What is a shell and why should I care?

A shell is a computer program that presents a command line interface which allows you to control your computer using commands entered with a keyboard instead of controlling graphical user interfaces (GUIs) with a mouse/keyboard/touchscreen combination.

There are many reasons to learn about the shell:

In this lesson you will learn how to use the command line interface to move around in your file system.



Accessing the remote server

To save time, we are going to be working on a remote server where all the necessary data and software are available. When we say a ‘remote sever’, we are talking about a computer that is not the one you are working on right now. You will create a secure connection with the workshop remote server where everything is prepared for the lesson. We will learn the basics of the shell by manipulating some data files. Some of these files are very large, and would take time to download to your computer. We will also be using several bioinformatic packages in later lessons and installing all of the software would take up time even more time. A ‘ready-to-go’ sever let’s us focus on learning.

This section will be done slightly differently depending on if you’re using a Windows or Unix computer. Here is a drop-down menu to select the appropriate instructions for connecting to the AWS instance.

Please select the platform you wish to use for the exercises:

On a Mac or Linux computer, open up a terminal where you’ll proceed with some commands. On a Mac, you can search for ‘Terminal’ and select the application with that name.

After you’re in the terminal, you can enter the command to connect to the AWS instance:

ssh <username>@bfx-workshop01.med.umich.edu

You will need to enter the password that you were provided before the workshop.

Note: As you type your password, nothing on the screen will change - no * characters will show up, etc. After you press enter, you’ll receive a response.

If you haven’t connected to the remote system previously, you’ll see a message like the following:

The authenticity of host 'bfx-workshop01.med.umich.edu (50.17.210.255)' can't be established.
ECDSA key fingerprint is SHA256:na9lJaGIE5QFy7yDcaMVrcbkIWBfCDL3krj2Wpiie2c.
Are you sure you want to continue connecting (yes/no/[fingerprint])?

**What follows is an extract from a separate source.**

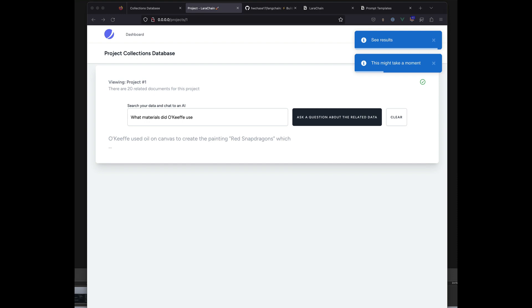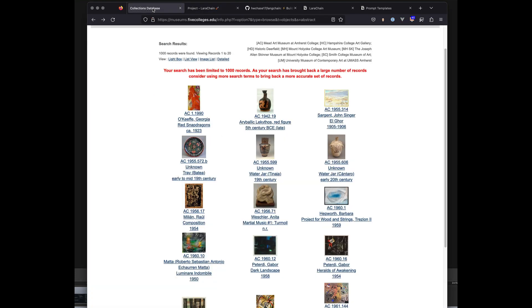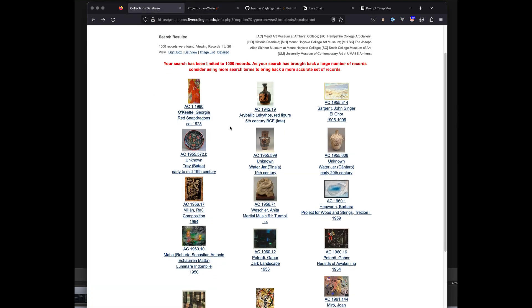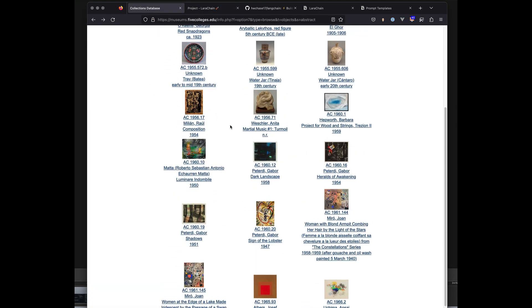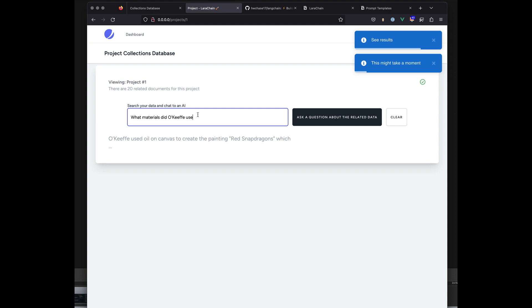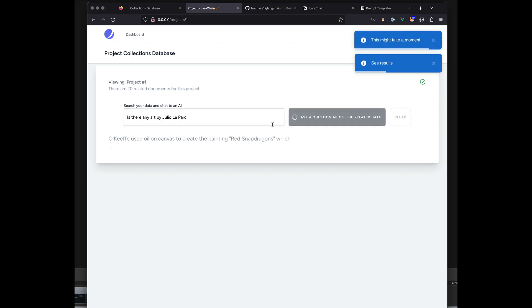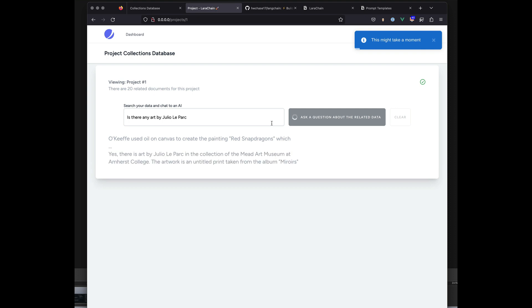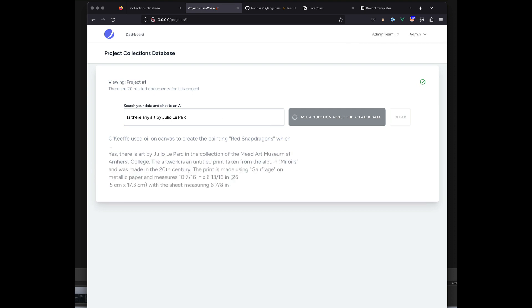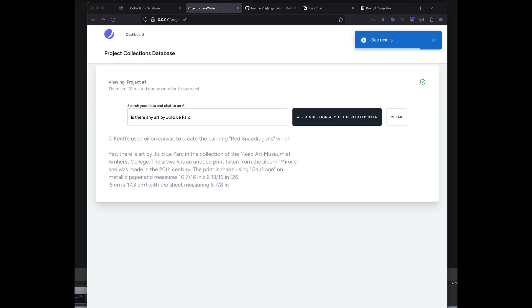When the user asks a question in the input field, the system says: make this an embedding, then get the results of that embedding or vectors, and query our vector database to see what vectors line up with it. I'll show how I did that.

Type yes and press enter, and then you will proceed logging in.

On a Windows machine, go to your start menu/search and enter the term ‘cmd’; Select the ‘Command Prompt’ application and it should start the shell. The shell should say something like C:\Users\your-pc-username>.

Then you can use the ssh command to connect to the AWS instance:

ssh <username>@bfx-workshop01.med.umich.edu

You will need to enter the password that you were provided before the workshop.

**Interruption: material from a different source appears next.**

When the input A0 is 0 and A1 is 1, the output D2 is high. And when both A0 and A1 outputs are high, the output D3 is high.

Note: As you type your password, nothing on the screen will change - no * characters will show up, etc. After you press enter, you’ll receive a response.

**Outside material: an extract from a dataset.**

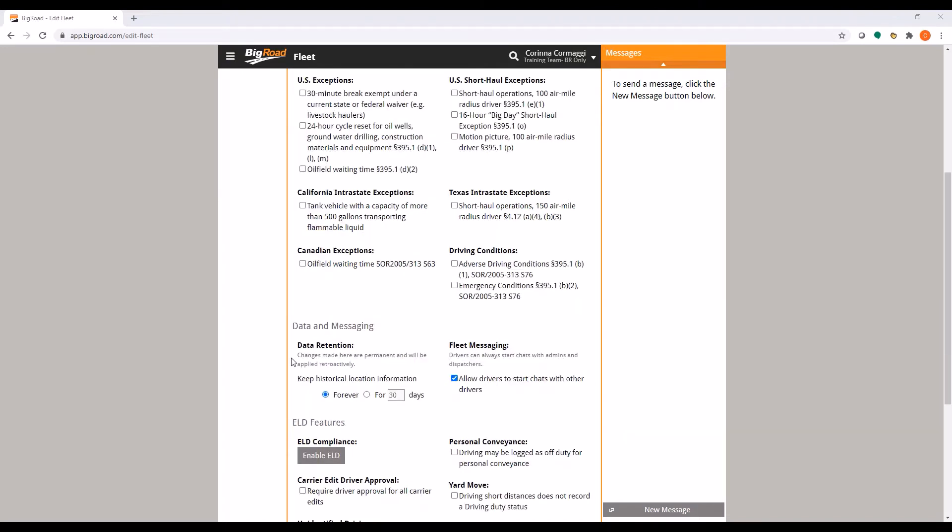The next section is data and messaging. Historical location information can be kept forever or for a certain number of days.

If you haven’t connected to the remote system previously, you’ll get a prompt asking if you’re sure you want to connect to this new system. Type yes and press enter, and then you will proceed logging in.

Your shell should look similar to the following (note I’ve highlighted the portions that we’ve typed):

Windows Command Prompt

After logging in, you will see a screen showing something like this:

------------------------------------
Welcome to Computational Foundations
------------------------------------
Last login: Tue Feb 1 07:56:36 2022 from 68.40.57.123
<username>@ip-172-31-28-61:~$

This shows our login message “Welcome to Computational Foundations”, some information about our last login, and our prompt. We should take a moment to become familiar with the appearance of our remote shell.



Challenge - Inspecting the filesystem with ls

Use the -l option for the ls command to display more information for each item in the directory. What is one piece of additional information this long format gives you that you don’t see with the bare ls command?

Solution - Inspecting the filesystem with ls
$ ls -l
total 8
drwxr-x--- 2 dcuser dcuser 4096 Jul 30  2015 sra_metadata
drwxr-xr-x 2 dcuser dcuser 4096 Nov 15  2017 untrimmed_fastq

The additional information given includes the name of the owner of the file, when the file was last modified, and whether the current user has permission to read and write to the file.



No one can possibly learn all of these arguments, that’s what the manual page is for. You can (and should) refer to the manual page or other help files as needed.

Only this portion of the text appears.